Low‐Temperature Preparation Copper‐Doped Nickel Chloride Cathode for Thermal Battery Overcomes the Energy‐Power Trade‐Off
Bin Yao, Licai Fu, Yufan Gui, Jiajun Zhu, Wulin Yang, Lingping Zhou
Abstract
Nickel chloride (NiCl 2 ) is a typical hexagonal layered semiconductor material with wide application. However, it is mainly restricted by complicated technological process within ultrahigh dehydration temperature. Utilizing copper doping, a sort of high purity and remarkable crystallinity NiCl 2 is fabricated using a simple low‐temperature calcination technique. The dehydration temperature is decreased from 600 to 400 °C because the adsorbed copper ions on NiCl 2 dihydrate surface can weaken NiO bond strength.
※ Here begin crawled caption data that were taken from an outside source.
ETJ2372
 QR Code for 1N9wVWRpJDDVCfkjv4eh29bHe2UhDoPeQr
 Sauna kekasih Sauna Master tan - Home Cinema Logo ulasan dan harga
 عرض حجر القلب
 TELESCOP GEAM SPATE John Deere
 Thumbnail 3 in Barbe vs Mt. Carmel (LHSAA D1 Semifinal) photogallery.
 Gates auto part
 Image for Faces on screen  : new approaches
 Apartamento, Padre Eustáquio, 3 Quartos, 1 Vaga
Serving for thermal battery cathode, copper‐doped NiCl 2 exhibits remarkable discharge ability at 500 mA cm −2 , equipped with supernormal power density of 16.27 kW kg −1 and energy density of 717 Wh kg −1 simultaneously. Its energy density is increased by 28% compared to NiCl 2 . Copper doping optimizes thermodynamics process of discharge reaction and modifies local electronic structure of NiCl 2 . For copper‐doped NiCl 2 , the shift of Ni 3 d and Cl 3 p to lower energy level results in elevated redox potential, and the reduction of bandgap accelerates the carrier mobility, further promoting discharge degree. Utilizing metal ions dopant, this research surmounts the low‐temperature synthesis of NiCl 2 and addresses its inferior electrochemical performance, ensuring high energy‐power output. This will expand the application scenarios of NiCl 2 ‐based cathode materials.